Brief descriptive captions:

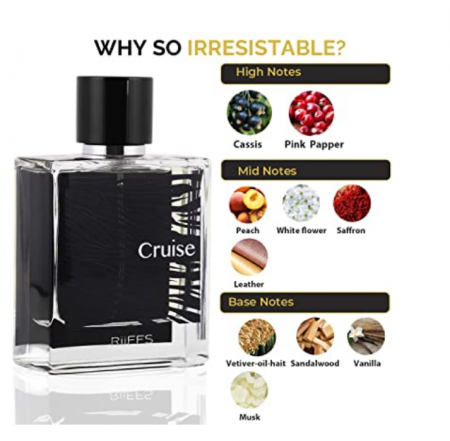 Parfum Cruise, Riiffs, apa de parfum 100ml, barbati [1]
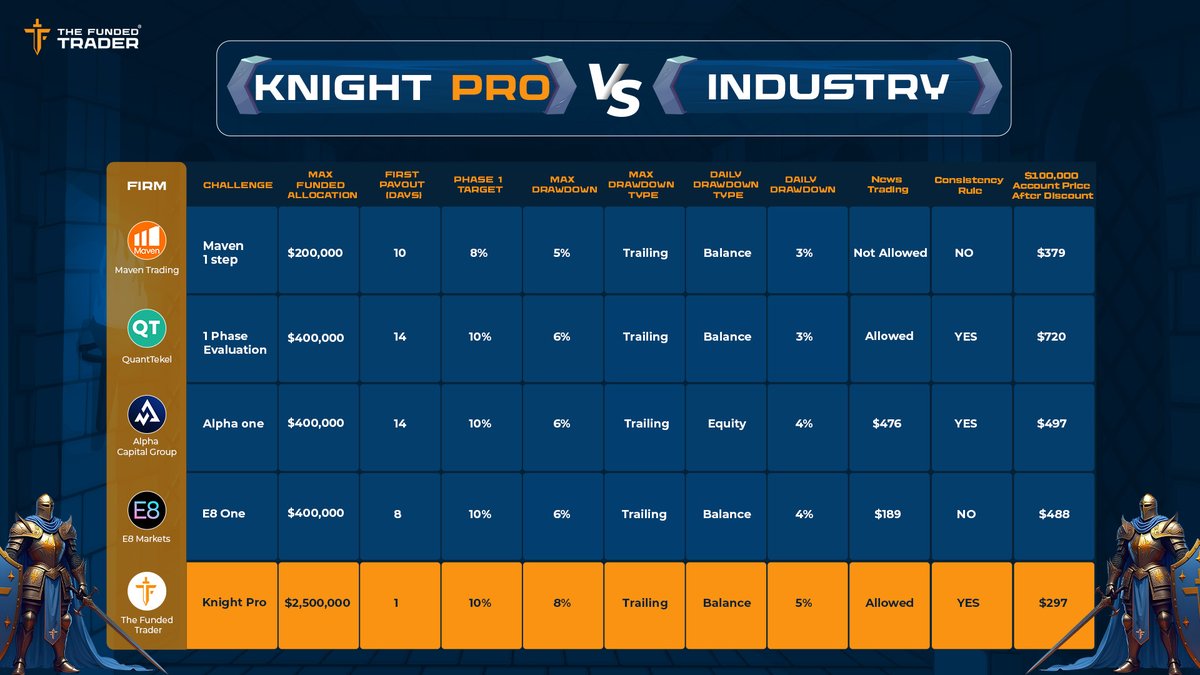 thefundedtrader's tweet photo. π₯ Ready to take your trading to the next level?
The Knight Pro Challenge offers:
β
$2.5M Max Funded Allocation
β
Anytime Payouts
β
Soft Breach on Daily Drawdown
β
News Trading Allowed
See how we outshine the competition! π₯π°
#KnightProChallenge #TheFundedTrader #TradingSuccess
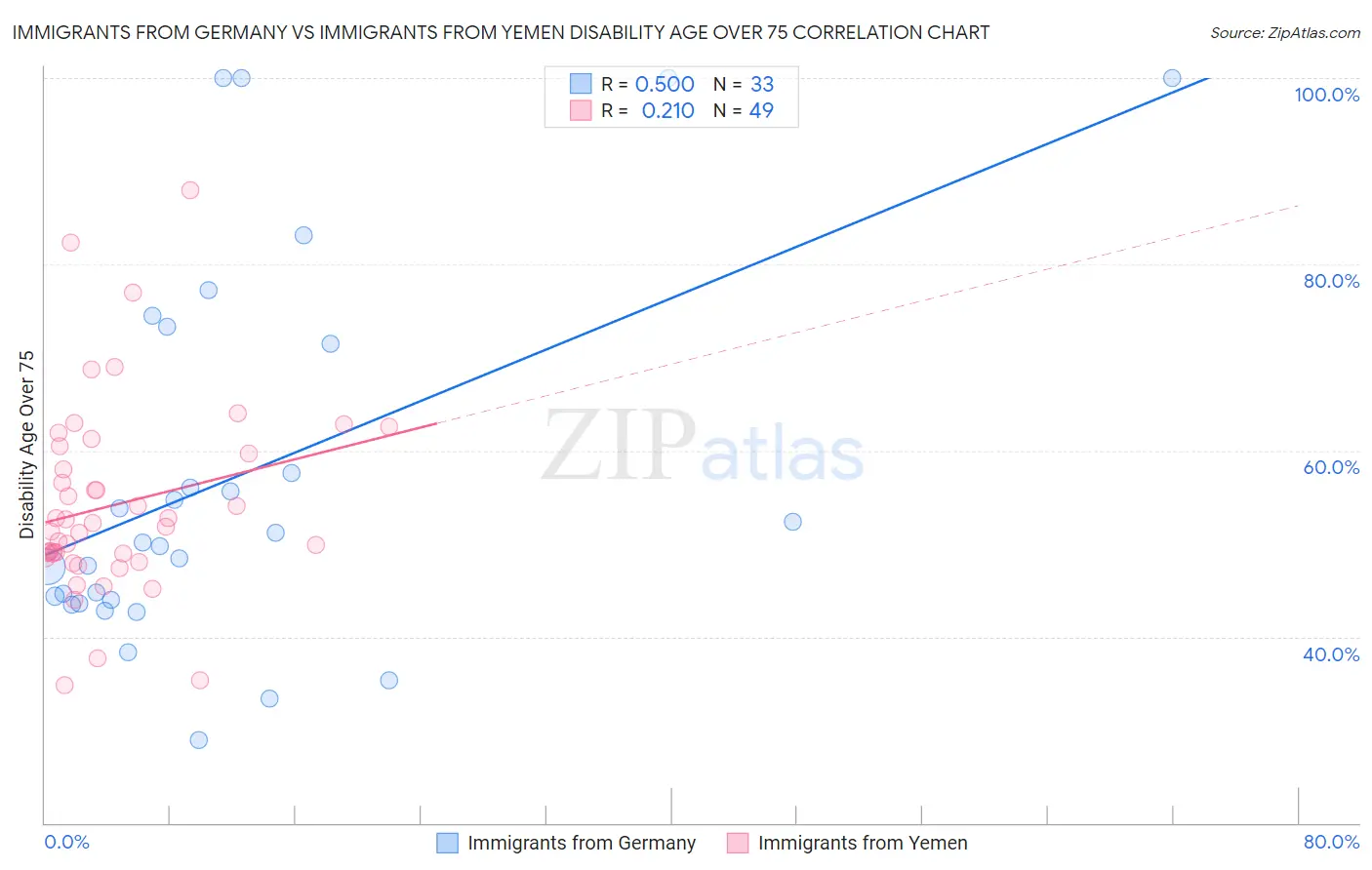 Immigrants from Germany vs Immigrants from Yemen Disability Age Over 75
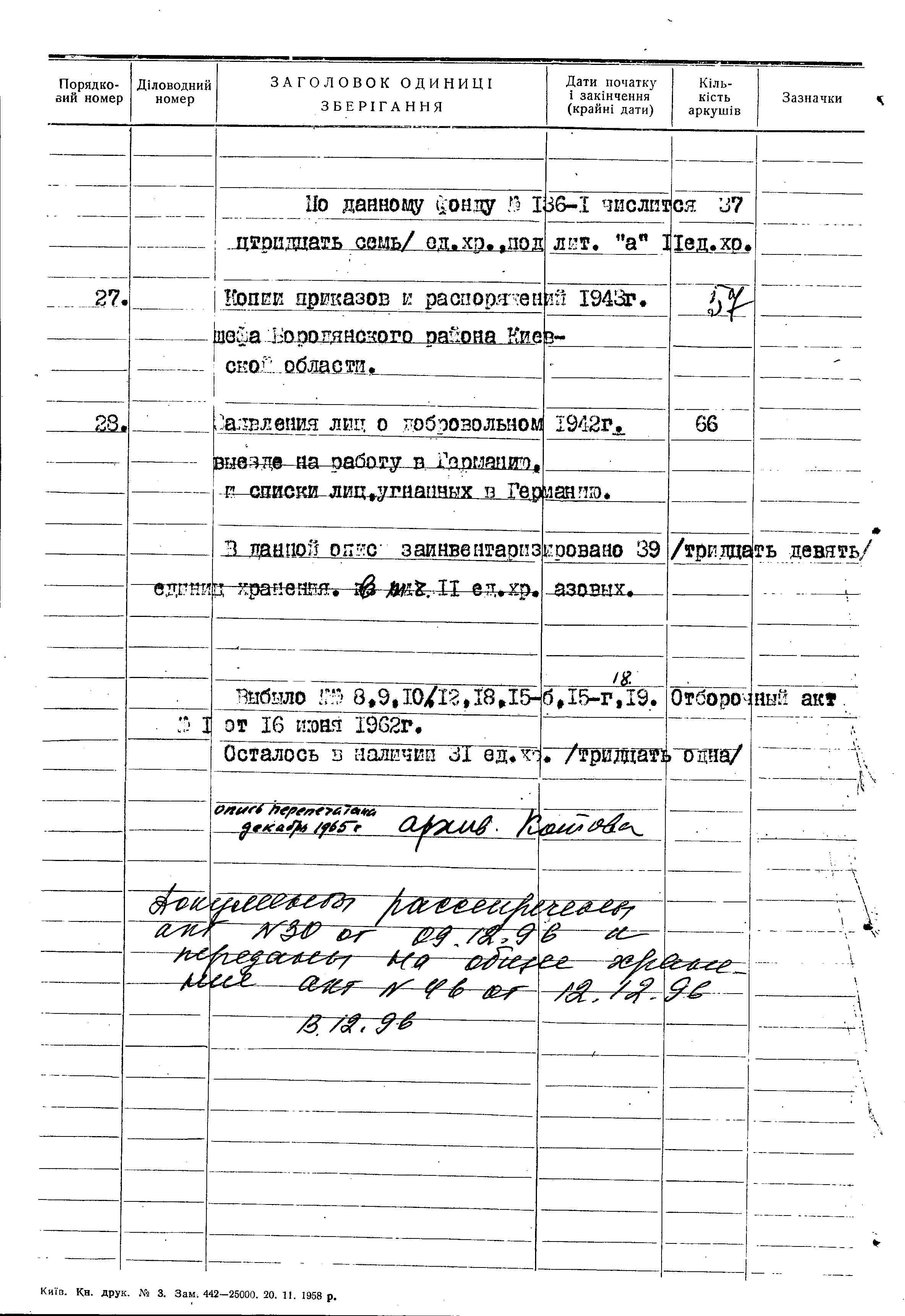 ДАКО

Assignment: Write the data out again word for word; leave the pictures behind.

The answer:
 Parfum Cruise, Riiffs, apa de parfum 100ml, barbati [1]
 thefundedtrader's tweet photo. π₯ Ready to take your trading to the next level?
The Knight Pro Challenge offers:
β
$2.5M Max Funded Allocation
β
Anytime Payouts
β
Soft Breach on Daily Drawdown
β
News Trading Allowed
See how we outshine the competition! π₯π°
#KnightProChallenge #TheFundedTrader #TradingSuccess
 Immigrants from Germany vs Immigrants from Yemen Disability Age Over 75
 ДАКО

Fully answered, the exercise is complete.